[Collected data]
=== Begin Enclosure ===

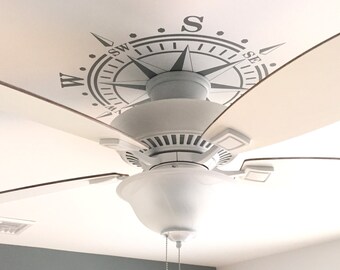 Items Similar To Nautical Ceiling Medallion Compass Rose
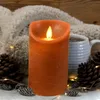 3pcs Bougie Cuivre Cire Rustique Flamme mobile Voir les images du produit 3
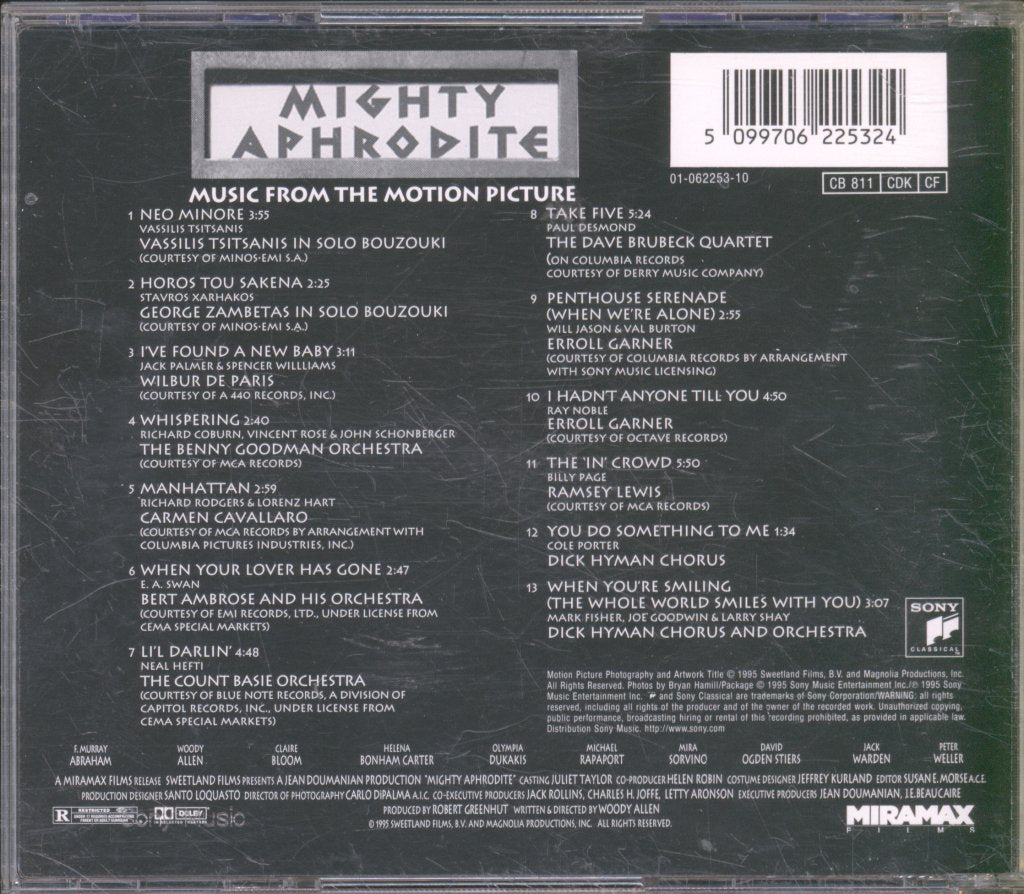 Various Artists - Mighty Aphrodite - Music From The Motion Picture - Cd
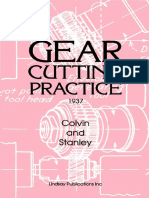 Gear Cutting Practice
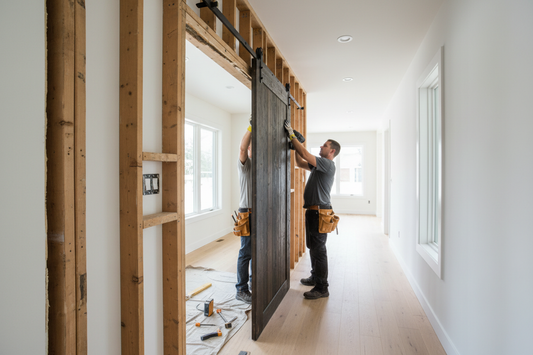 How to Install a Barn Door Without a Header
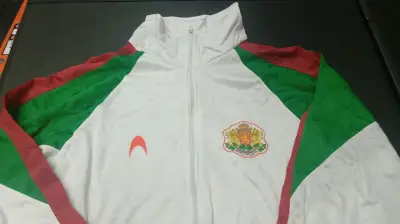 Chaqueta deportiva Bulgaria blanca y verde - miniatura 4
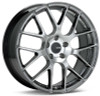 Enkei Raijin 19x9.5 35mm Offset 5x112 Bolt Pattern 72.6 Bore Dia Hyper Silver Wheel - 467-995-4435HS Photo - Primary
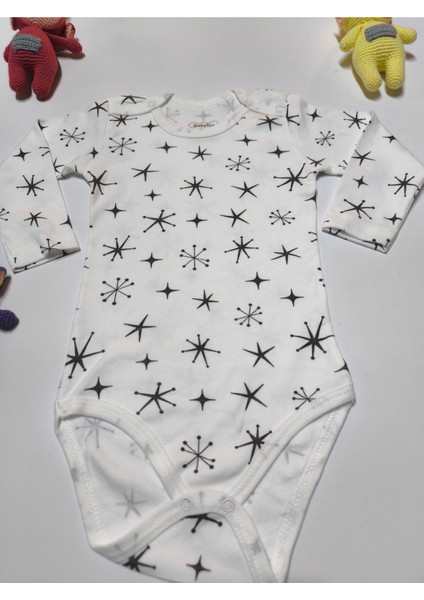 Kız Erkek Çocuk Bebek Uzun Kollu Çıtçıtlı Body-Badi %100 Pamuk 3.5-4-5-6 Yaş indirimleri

=== End Enclosure ===

Each line from the first line of the entries through the line containing "Enkei Raijin 19x9.5" should be duplicated word for word, and nothing more; the pictures stay out.

• **TASK RESULT**:
 Items Similar To Nautical Ceiling Medallion Compass Rose
 3pcs Bougie Cuivre Cire Rustique Flamme mobile Voir les images du produit 3
 Various Artists - Mighty Aphrodite - Music From The Motion Picture - Cd
 Gear Cutting Practice
 How to Install a Barn Door Without a Header
 Chaqueta deportiva Bulgaria blanca y verde - miniatura 4
 Enkei Raijin 19x9.5 35mm Offset 5x112 Bolt Pattern 72.6 Bore Dia Hyper Silver Wheel - 467-995-4435HS Photo - Primary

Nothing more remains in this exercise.